== Exercise instructions ==
Using the records below, find every line that includes "name" and copy it.

== Data records ==

=====

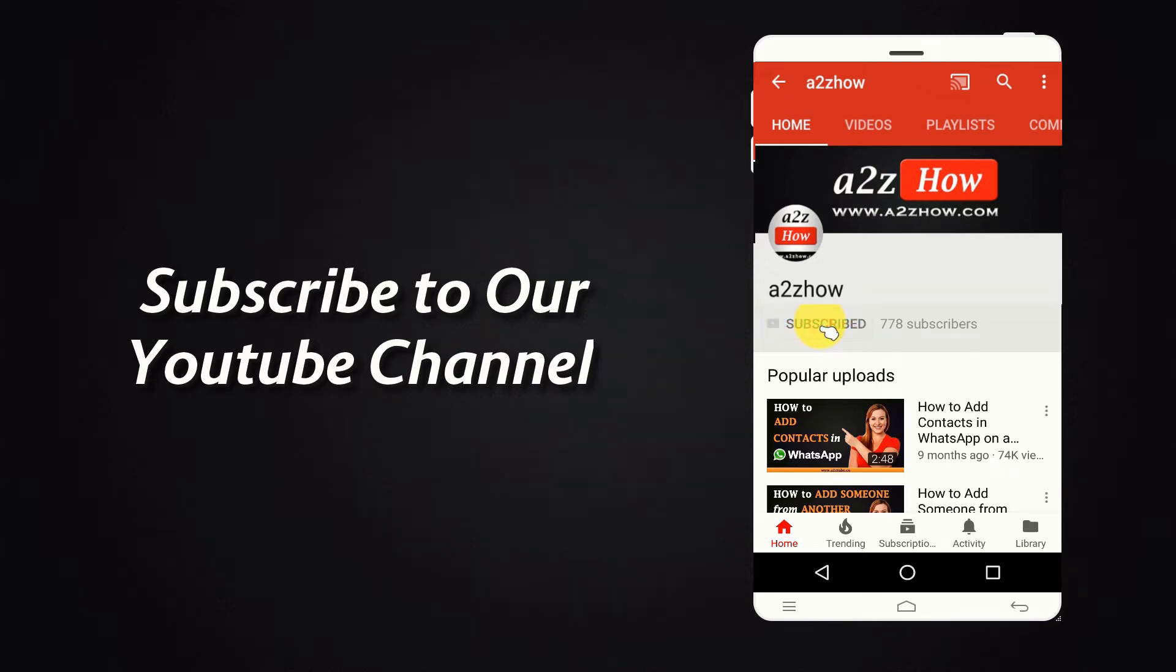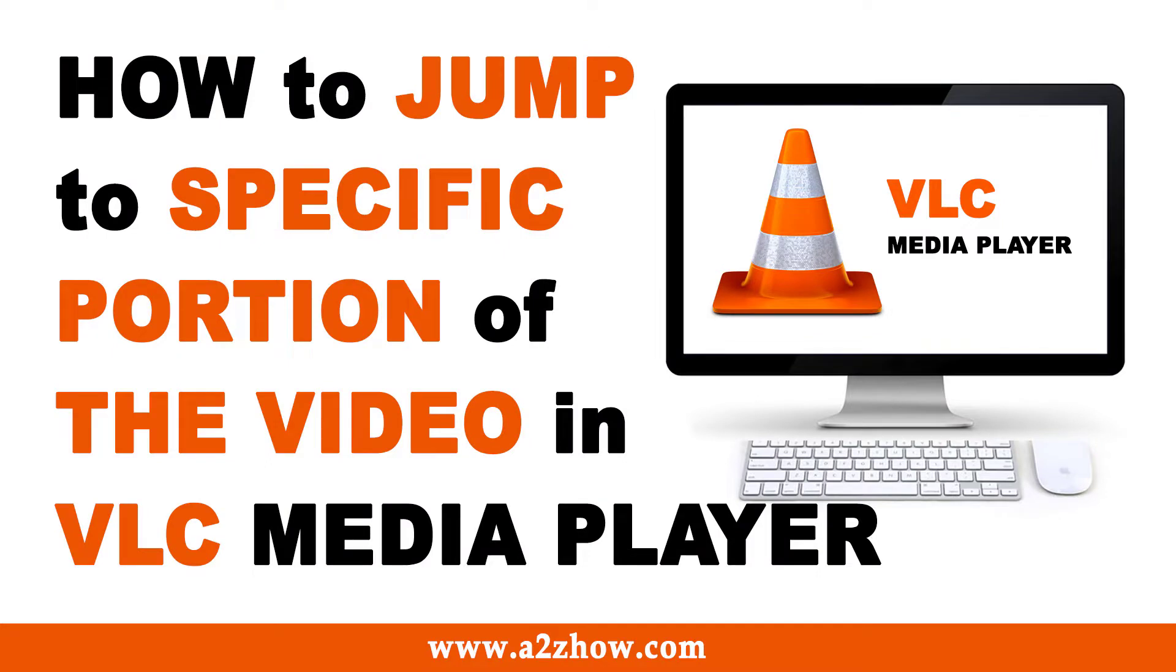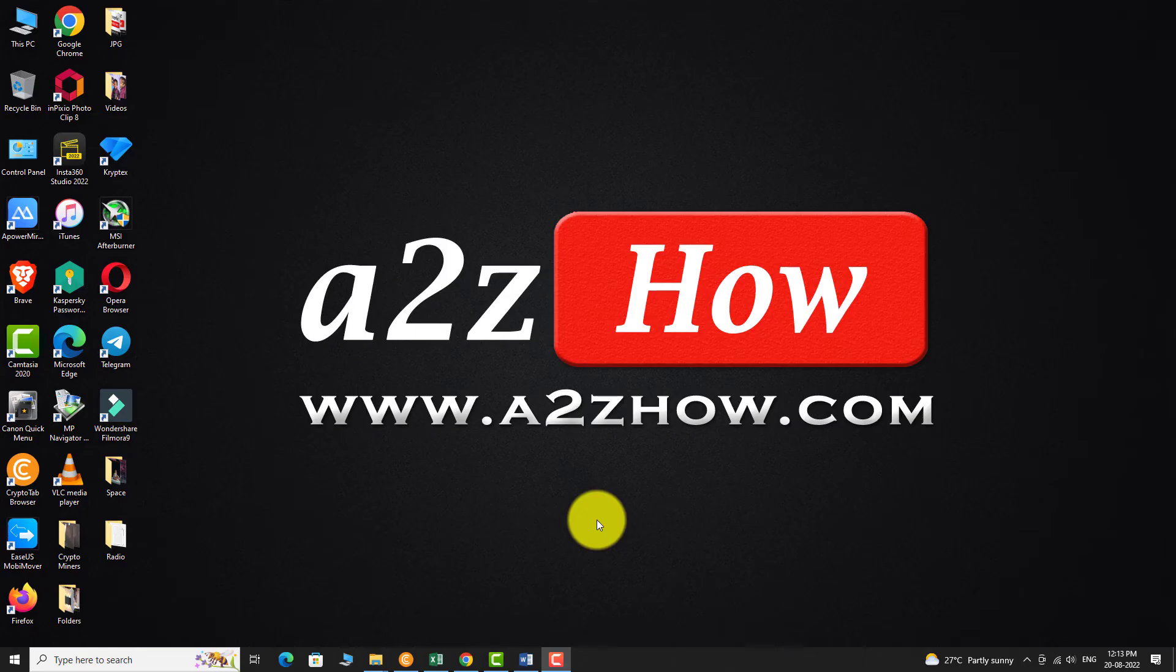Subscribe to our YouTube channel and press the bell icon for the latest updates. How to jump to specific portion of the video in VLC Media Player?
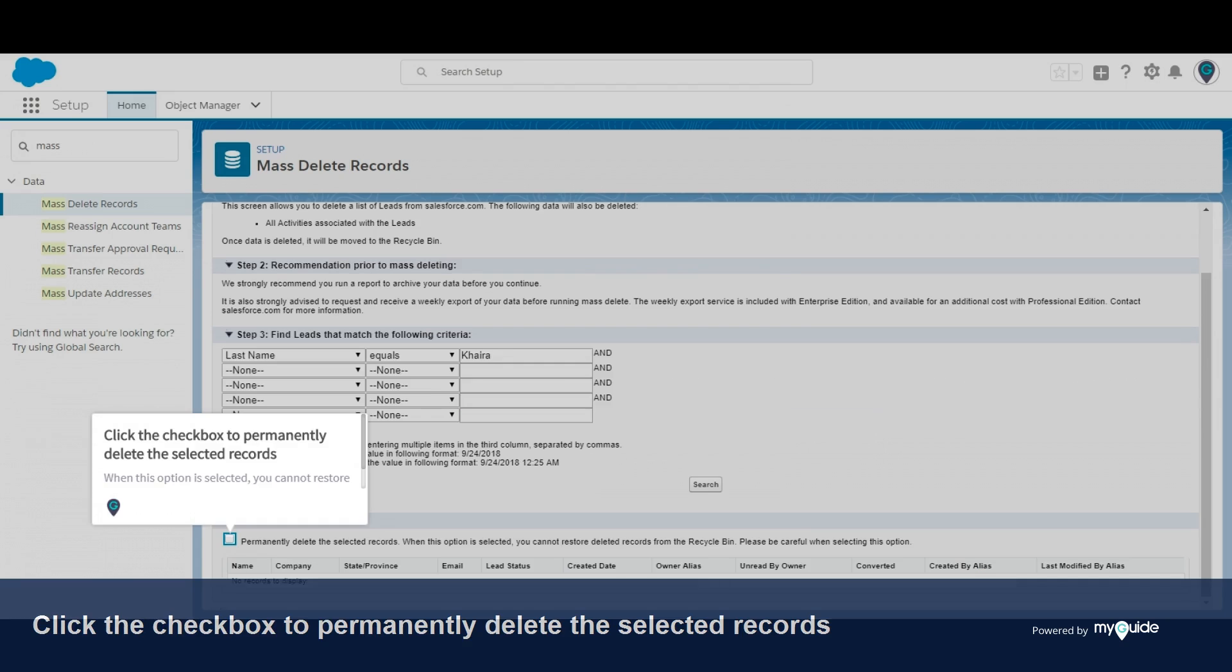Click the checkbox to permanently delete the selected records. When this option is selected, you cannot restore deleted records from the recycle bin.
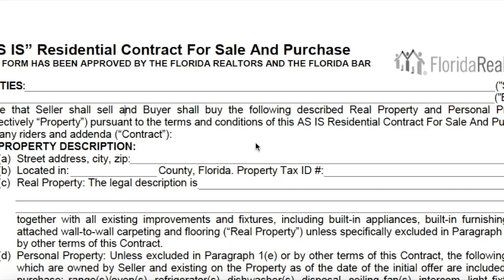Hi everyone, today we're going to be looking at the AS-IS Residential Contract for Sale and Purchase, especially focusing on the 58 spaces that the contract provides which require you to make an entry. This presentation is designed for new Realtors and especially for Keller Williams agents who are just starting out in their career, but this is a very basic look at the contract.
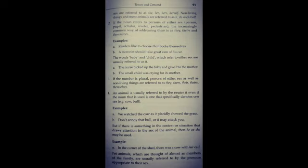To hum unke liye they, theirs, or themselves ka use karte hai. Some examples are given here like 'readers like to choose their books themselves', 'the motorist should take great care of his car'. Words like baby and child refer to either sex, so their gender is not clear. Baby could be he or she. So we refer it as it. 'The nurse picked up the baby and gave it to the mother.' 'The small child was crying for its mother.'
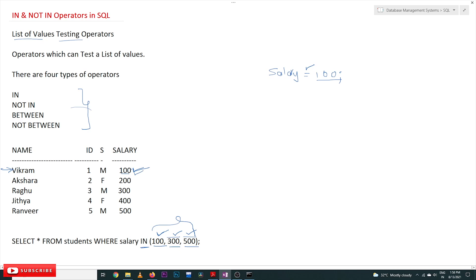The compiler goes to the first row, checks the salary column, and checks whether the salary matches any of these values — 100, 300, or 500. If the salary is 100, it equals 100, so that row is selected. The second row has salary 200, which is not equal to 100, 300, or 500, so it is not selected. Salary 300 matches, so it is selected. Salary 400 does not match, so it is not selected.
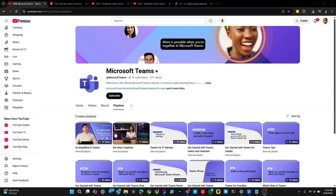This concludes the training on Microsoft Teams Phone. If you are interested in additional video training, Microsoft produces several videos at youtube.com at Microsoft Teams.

=====

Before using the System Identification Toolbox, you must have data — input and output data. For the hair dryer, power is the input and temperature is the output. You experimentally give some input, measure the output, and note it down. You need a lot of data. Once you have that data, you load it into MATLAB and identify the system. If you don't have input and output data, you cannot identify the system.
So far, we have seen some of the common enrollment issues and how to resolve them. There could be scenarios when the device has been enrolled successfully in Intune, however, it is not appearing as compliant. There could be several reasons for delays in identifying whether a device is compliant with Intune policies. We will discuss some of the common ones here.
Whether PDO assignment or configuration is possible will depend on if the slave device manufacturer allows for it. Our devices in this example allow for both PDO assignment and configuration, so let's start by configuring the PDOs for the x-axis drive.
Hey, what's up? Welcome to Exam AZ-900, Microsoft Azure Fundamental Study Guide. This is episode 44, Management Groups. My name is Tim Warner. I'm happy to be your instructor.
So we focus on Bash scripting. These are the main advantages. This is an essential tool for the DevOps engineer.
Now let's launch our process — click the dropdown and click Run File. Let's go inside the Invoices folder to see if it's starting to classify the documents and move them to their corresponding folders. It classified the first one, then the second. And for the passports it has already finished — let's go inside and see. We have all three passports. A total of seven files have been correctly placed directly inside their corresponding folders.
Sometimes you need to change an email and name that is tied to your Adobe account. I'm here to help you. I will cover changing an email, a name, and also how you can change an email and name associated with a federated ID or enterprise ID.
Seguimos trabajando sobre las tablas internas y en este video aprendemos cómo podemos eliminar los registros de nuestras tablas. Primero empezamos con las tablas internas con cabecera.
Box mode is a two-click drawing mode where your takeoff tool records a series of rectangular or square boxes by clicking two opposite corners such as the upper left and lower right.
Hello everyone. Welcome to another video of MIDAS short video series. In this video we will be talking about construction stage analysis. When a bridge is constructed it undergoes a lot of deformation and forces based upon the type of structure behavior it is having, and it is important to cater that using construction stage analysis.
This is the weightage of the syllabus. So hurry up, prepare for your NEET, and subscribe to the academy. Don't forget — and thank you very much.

=====

== Finished task ==
Hey, what's up? Welcome to Exam AZ-900, Microsoft Azure Fundamental Study Guide. This is episode 44, Management Groups. My name is Tim Warner. I'm happy to be your instructor.
Sometimes you need to change an email and name that is tied to your Adobe account. I'm here to help you. I will cover changing an email, a name, and also how you can change an email and name associated with a federated ID or enterprise ID.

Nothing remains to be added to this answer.